All that is wanted is an exact copy of the line containing "Audi A3 35 Tfsi" and the lines after it, through the end of the records.
*** Dataset ***
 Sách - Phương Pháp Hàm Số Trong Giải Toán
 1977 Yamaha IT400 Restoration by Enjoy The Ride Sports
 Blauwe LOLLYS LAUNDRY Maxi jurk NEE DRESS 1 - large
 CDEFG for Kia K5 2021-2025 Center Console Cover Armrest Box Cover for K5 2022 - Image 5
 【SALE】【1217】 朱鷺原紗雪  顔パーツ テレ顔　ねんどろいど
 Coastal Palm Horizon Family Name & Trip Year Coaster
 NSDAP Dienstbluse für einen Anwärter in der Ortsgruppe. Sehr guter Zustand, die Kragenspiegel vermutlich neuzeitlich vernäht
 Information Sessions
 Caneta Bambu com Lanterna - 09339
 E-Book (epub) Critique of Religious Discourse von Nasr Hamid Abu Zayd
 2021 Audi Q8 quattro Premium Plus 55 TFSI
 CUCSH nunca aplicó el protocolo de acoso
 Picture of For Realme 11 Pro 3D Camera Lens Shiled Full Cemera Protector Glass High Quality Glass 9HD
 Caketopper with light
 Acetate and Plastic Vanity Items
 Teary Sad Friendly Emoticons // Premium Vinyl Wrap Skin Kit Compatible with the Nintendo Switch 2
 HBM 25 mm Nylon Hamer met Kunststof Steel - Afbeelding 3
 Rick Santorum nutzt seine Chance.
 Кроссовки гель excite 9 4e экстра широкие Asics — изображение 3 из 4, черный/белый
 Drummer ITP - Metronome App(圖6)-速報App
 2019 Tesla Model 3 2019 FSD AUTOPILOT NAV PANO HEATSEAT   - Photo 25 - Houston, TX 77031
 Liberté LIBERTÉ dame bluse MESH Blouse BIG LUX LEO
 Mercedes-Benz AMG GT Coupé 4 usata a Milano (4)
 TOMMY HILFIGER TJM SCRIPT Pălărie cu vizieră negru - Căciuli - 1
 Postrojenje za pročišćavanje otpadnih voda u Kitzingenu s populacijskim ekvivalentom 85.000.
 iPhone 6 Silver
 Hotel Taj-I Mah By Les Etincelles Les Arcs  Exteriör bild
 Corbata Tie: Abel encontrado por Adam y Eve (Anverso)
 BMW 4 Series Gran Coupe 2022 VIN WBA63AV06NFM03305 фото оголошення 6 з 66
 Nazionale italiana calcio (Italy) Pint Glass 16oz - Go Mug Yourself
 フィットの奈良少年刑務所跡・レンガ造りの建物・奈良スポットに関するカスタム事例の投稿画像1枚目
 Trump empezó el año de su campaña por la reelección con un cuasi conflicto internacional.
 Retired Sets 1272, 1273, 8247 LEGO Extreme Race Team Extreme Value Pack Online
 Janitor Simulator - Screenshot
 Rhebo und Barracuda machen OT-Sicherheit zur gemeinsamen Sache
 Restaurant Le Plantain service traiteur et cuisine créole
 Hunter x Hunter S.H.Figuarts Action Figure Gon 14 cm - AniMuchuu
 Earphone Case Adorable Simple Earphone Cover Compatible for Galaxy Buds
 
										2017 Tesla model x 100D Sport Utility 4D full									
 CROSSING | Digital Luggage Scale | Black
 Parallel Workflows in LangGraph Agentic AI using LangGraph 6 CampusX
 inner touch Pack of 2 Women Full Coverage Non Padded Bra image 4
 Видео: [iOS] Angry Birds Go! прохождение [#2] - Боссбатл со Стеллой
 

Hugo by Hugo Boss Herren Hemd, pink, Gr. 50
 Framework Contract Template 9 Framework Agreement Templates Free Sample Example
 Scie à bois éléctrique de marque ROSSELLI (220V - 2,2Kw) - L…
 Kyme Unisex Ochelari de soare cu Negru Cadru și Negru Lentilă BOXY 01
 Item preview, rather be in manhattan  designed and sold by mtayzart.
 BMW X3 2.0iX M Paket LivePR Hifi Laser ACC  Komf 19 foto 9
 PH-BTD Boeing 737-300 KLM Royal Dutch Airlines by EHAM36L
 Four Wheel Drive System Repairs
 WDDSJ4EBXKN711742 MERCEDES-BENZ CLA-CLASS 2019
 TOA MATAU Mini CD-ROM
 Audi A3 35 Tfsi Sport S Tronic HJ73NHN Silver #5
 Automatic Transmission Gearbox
***
Response to the task:
 Audi A3 35 Tfsi Sport S Tronic HJ73NHN Silver #5
 Automatic Transmission Gearbox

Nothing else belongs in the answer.